General information
- Type: Autogyro
- National origin: United States
- Manufacturer: Air Command International
- Status: Production completed
- Number built: At least one

History
- Developed from: Air Command Commander

= Air Command Commander Sport =

The Air Command Commander Sport is an American autogyro that was designed and produced by Air Command International of Wylie, Texas. Now out of production, when it was available the aircraft was supplied as a kit for amateur construction.

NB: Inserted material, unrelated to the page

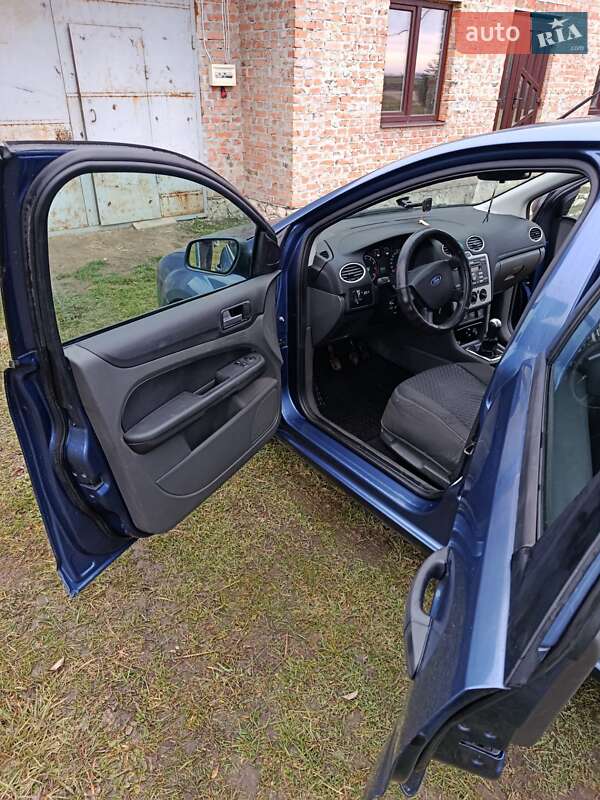 Универсал Ford Focus 2006 в Збараже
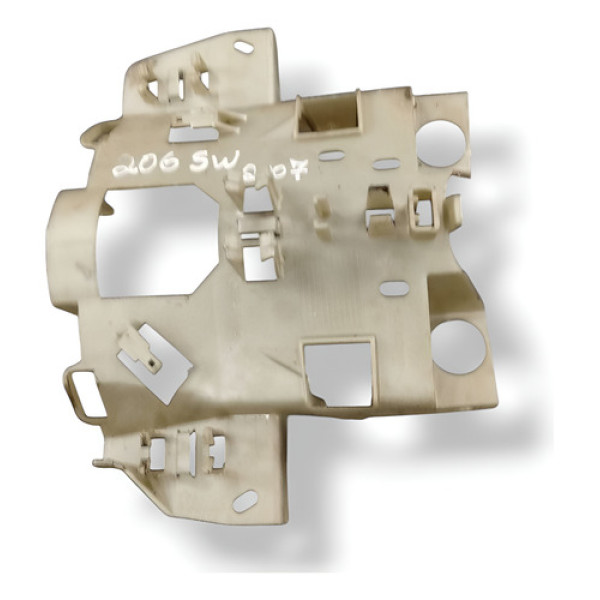 Suporte Coluna Direção Peugeot 206 Sw 2007 2008 9624622980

==Design and development==
The Commander Sport was designed to comply with the US Experimental - Amateur-built aircraft rules. It features a single main rotor, a single-seat open cockpit with a small cockpit fairing with a windshield, tricycle landing gear with a steerable nose wheel and wheel pants, plus a tail caster. The standard engine supplied was the twin cylinder, liquid-cooled, two-stroke, dual-ignition 64 hp Rotax 582 engine in pusher configuration. The 50 hp Rotax 503 and 40 hp Rotax 447 engines were factory options.

The aircraft fuselage is made from metal tubing, while the fairing is fiberglass. Its two-bladed rotor has a diameter of 23.00 ft. The aircraft has a typical empty weight of 275 lb and a gross weight of 750 lb, giving a useful load of 475 lb. With full fuel of 9 u.s.gal the payload for the pilot and baggage is 421 lb.

The standard day, sea level, no wind, take off with a 64 hp engine is 100 ft and the landing roll is 5 ft.

Original factory kit options were a pre-rotator, cockpit fairing, wheels pants and long range fuel tank. The manufacturer estimated the construction time from the supplied kit as 30 hours and put completion time as 3–4 days work.